To do -> Would you give back exactly the lines from the line with "Men's long-sleeve functional" through the end of the entries below, both included, but none of the pictures?

Dataset content ->

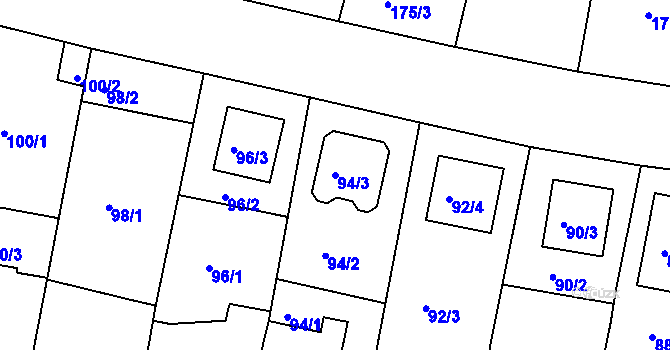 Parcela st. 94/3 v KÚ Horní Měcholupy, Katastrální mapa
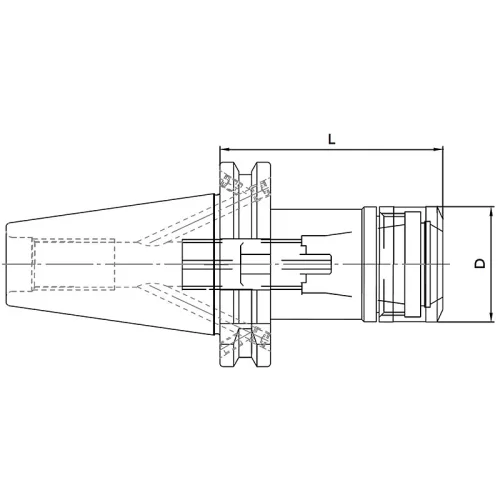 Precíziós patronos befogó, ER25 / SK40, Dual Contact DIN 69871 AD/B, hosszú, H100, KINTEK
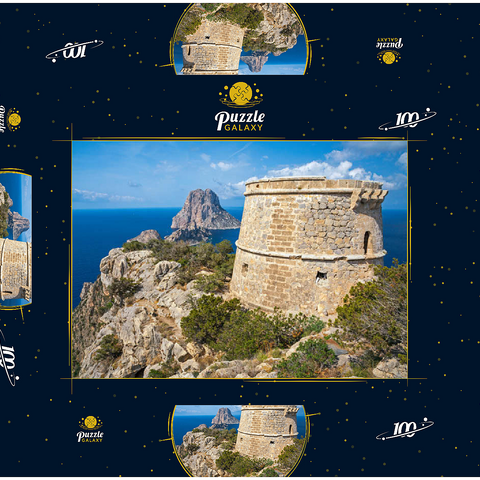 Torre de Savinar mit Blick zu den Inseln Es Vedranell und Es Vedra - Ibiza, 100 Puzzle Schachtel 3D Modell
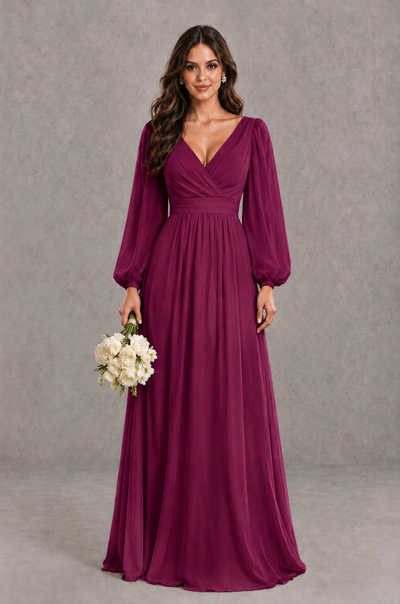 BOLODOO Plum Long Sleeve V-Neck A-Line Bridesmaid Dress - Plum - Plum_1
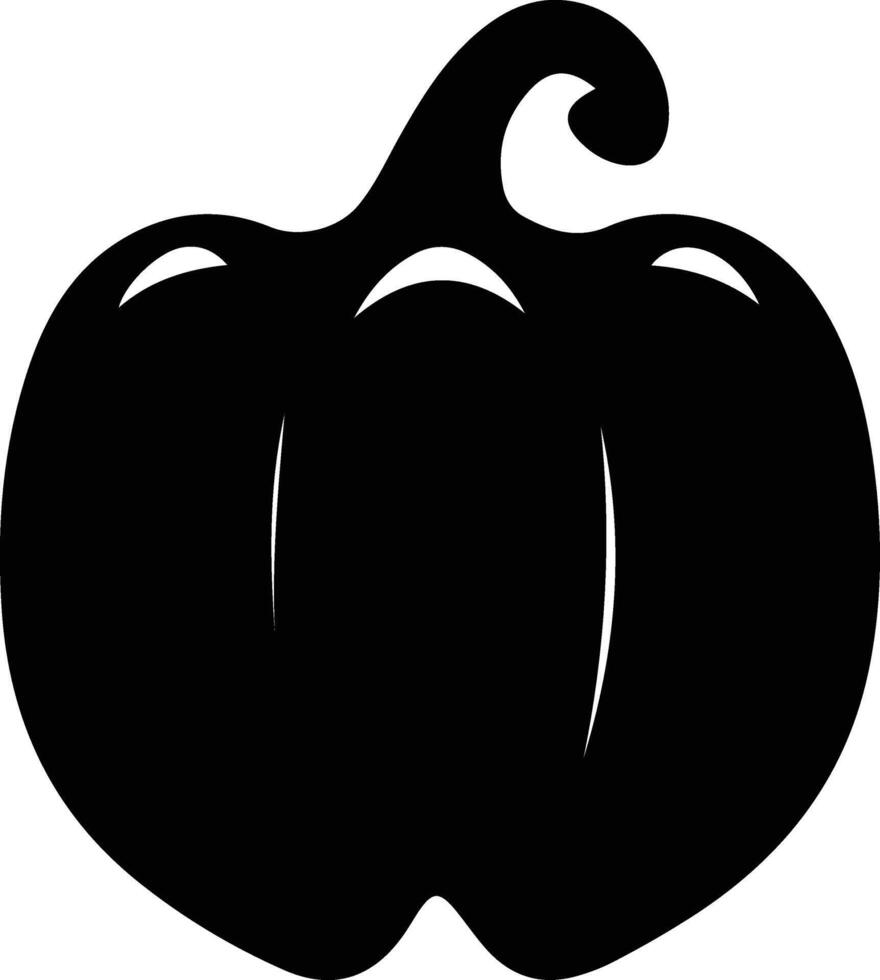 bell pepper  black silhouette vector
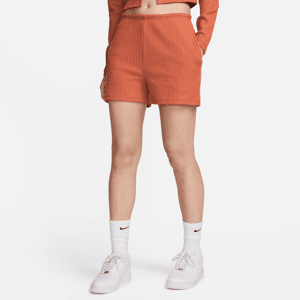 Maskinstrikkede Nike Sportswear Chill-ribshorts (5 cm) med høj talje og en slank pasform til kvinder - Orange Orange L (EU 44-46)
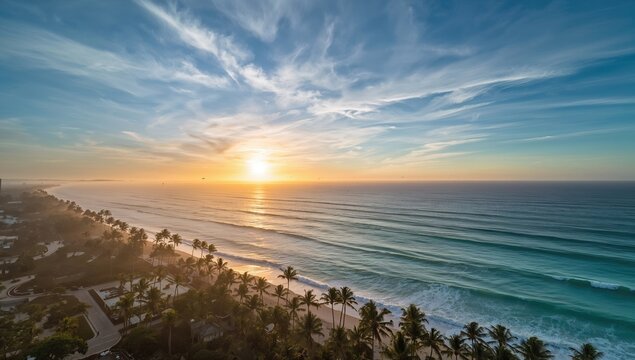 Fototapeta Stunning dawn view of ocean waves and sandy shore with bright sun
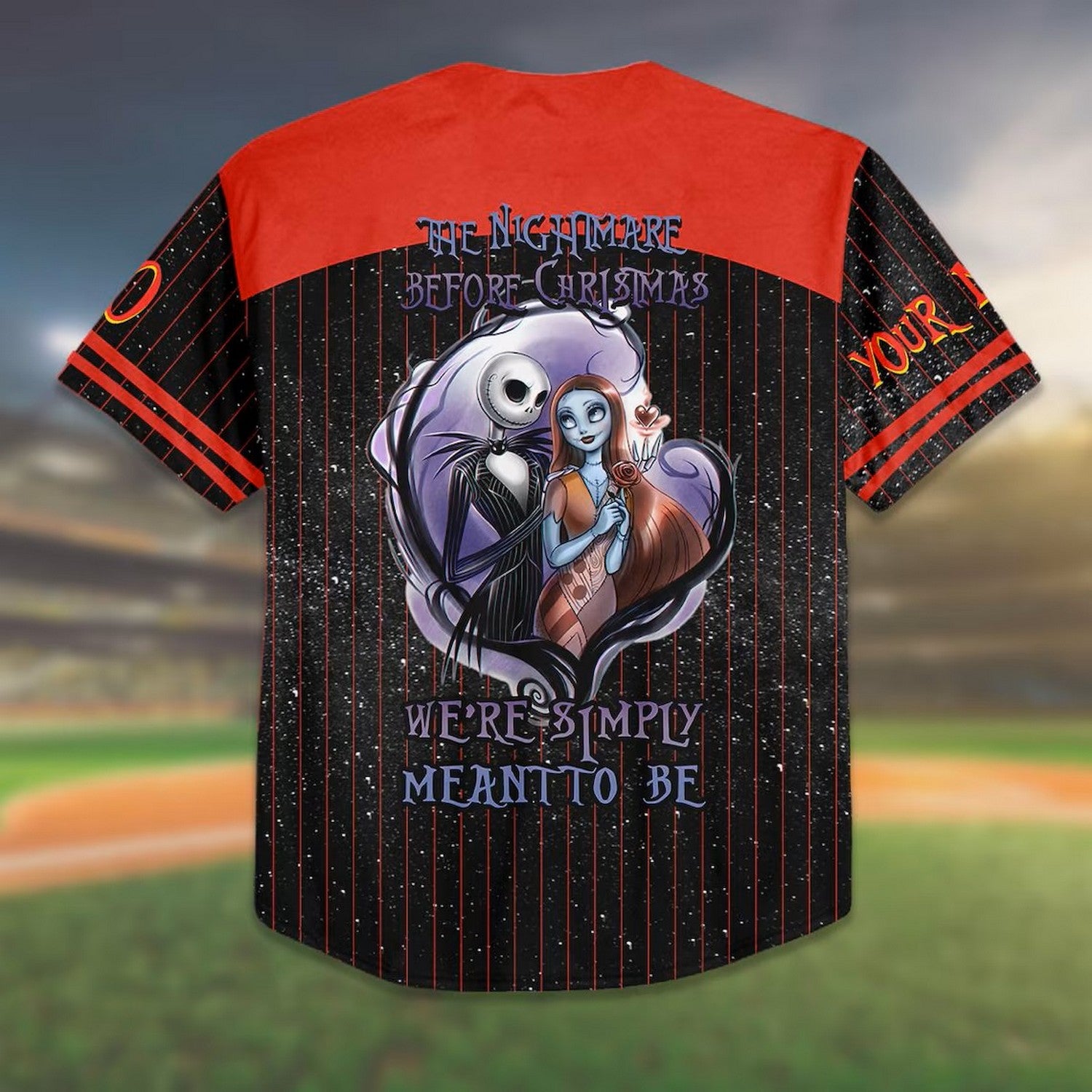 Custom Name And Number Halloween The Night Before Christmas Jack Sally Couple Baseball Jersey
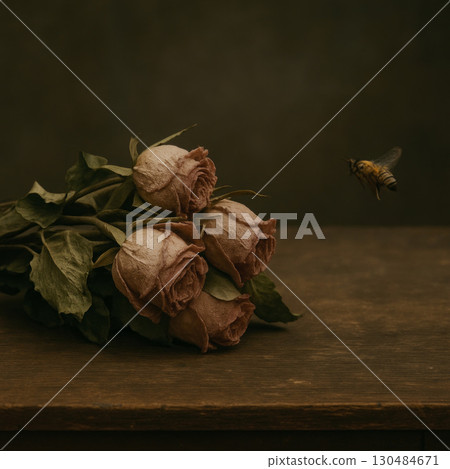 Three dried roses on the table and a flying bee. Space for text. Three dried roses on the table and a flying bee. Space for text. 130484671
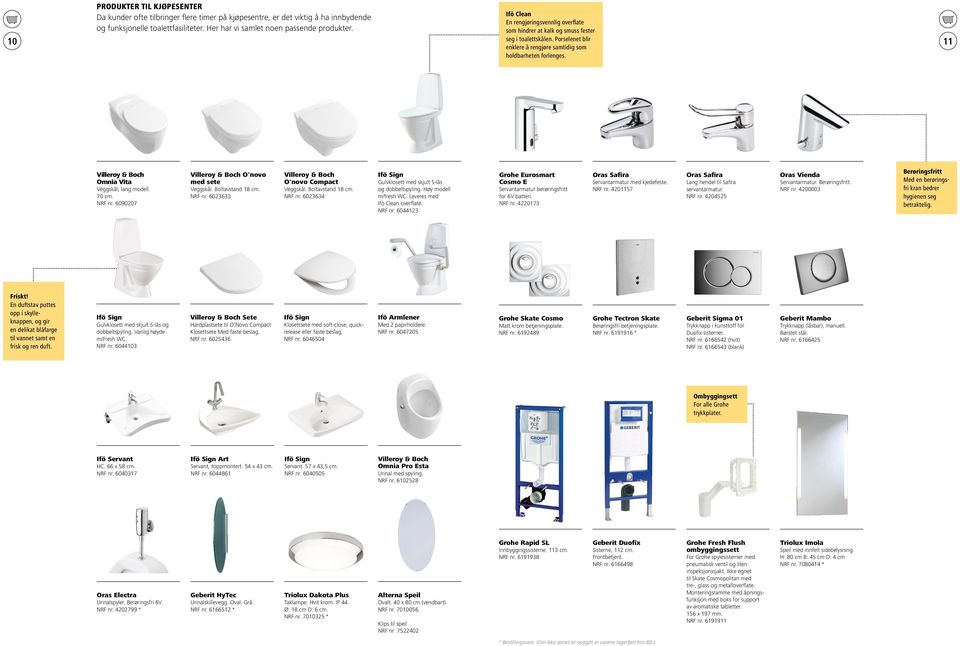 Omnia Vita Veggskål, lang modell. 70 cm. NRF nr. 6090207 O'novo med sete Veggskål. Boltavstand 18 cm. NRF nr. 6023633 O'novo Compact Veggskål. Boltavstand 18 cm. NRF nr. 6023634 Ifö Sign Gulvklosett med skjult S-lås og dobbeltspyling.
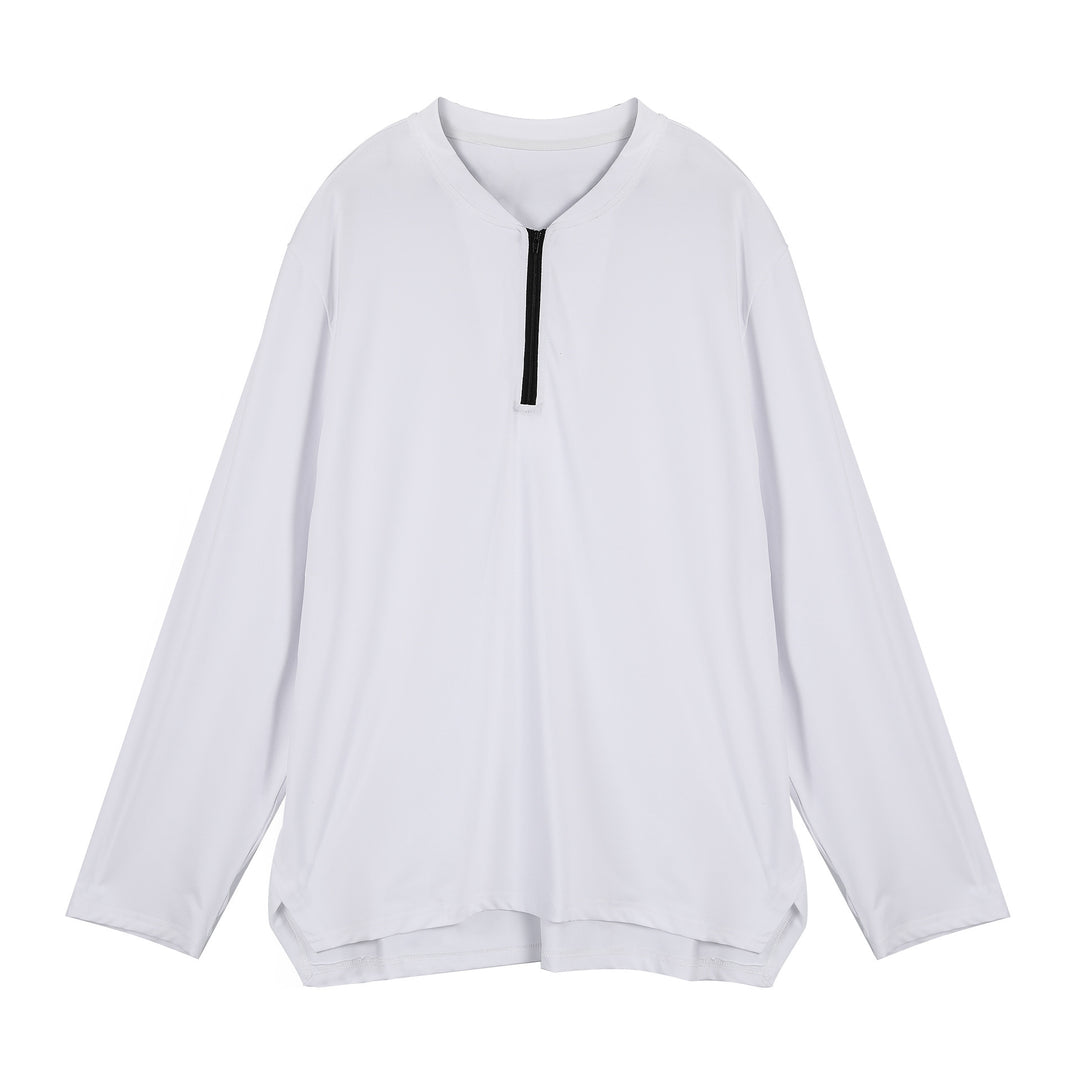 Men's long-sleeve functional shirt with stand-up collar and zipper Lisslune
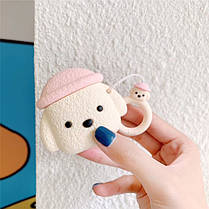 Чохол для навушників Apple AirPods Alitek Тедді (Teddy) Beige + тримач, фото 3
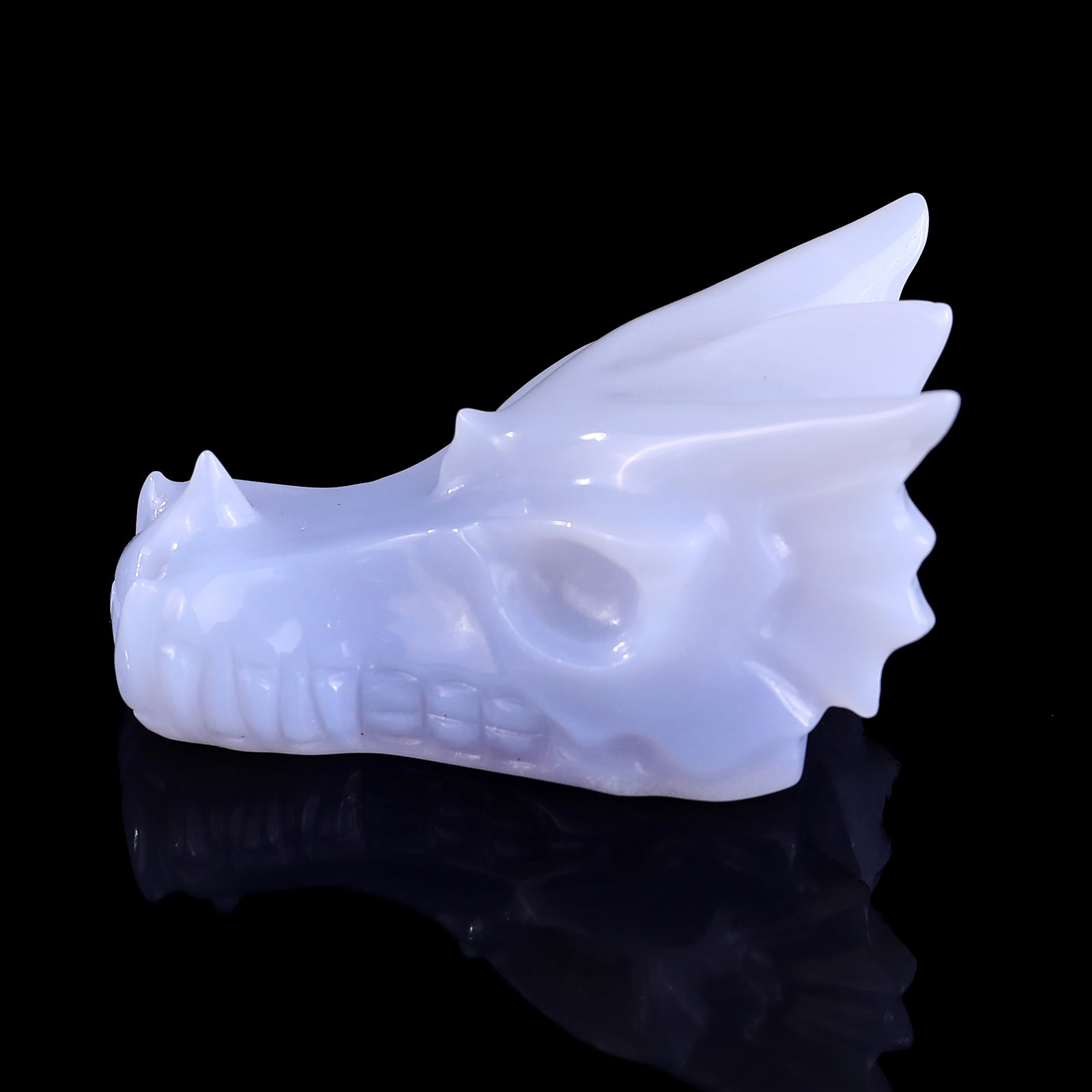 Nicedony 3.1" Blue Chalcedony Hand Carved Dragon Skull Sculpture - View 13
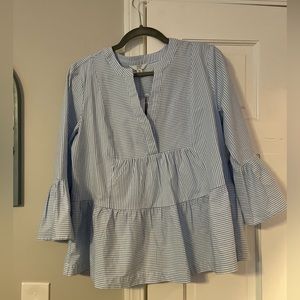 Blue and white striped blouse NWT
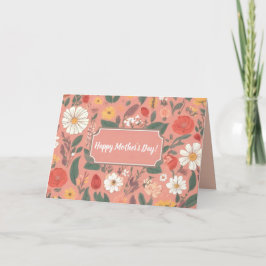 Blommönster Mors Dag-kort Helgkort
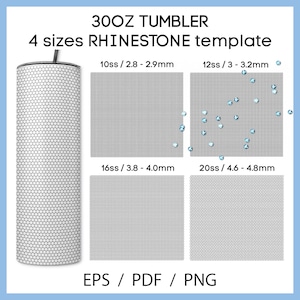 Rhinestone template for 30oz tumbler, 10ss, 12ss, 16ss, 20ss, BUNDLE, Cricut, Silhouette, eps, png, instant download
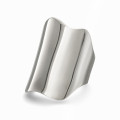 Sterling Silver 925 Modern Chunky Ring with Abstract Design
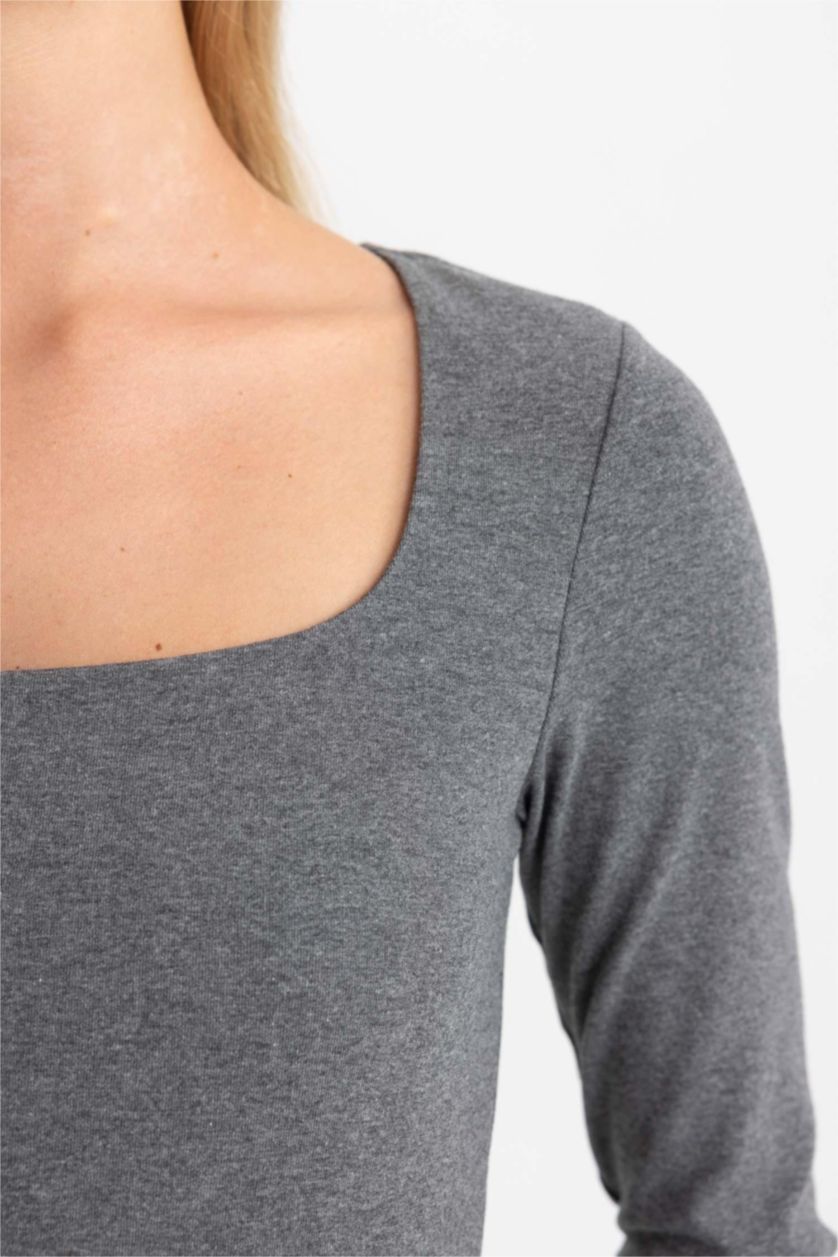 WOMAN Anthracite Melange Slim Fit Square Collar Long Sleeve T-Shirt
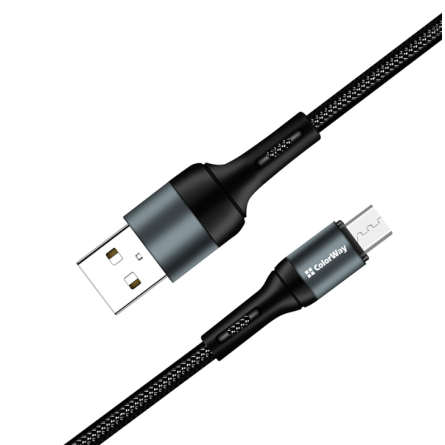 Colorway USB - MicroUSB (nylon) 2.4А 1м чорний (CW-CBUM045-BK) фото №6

Response box ->
 Men's long-sleeve functional shirt with stand-up collar and zipper Lisslune
 Чохол для навушників Apple AirPods Alitek Тедді (Teddy) Beige + тримач, фото 3
 Nicedony 3.1" Blue Chalcedony Hand Carved Dragon Skull Sculpture - View 13
 Blue and white striped blouse NWT
 Blommönster Mors Dag-kort Helgkort
 Rhinestone template for 30oz tumbler, 10ss, 12ss, 16ss, 20ss, BUNDLE, Cricut, Silhouette, eps, png, instant download
 Sterling Silver 925 Modern Chunky Ring with Abstract Design
 WOMAN Anthracite Melange Slim Fit Square Collar Long Sleeve T-Shirt
 Colorway USB - MicroUSB (nylon) 2.4А 1м чорний (CW-CBUM045-BK) фото №6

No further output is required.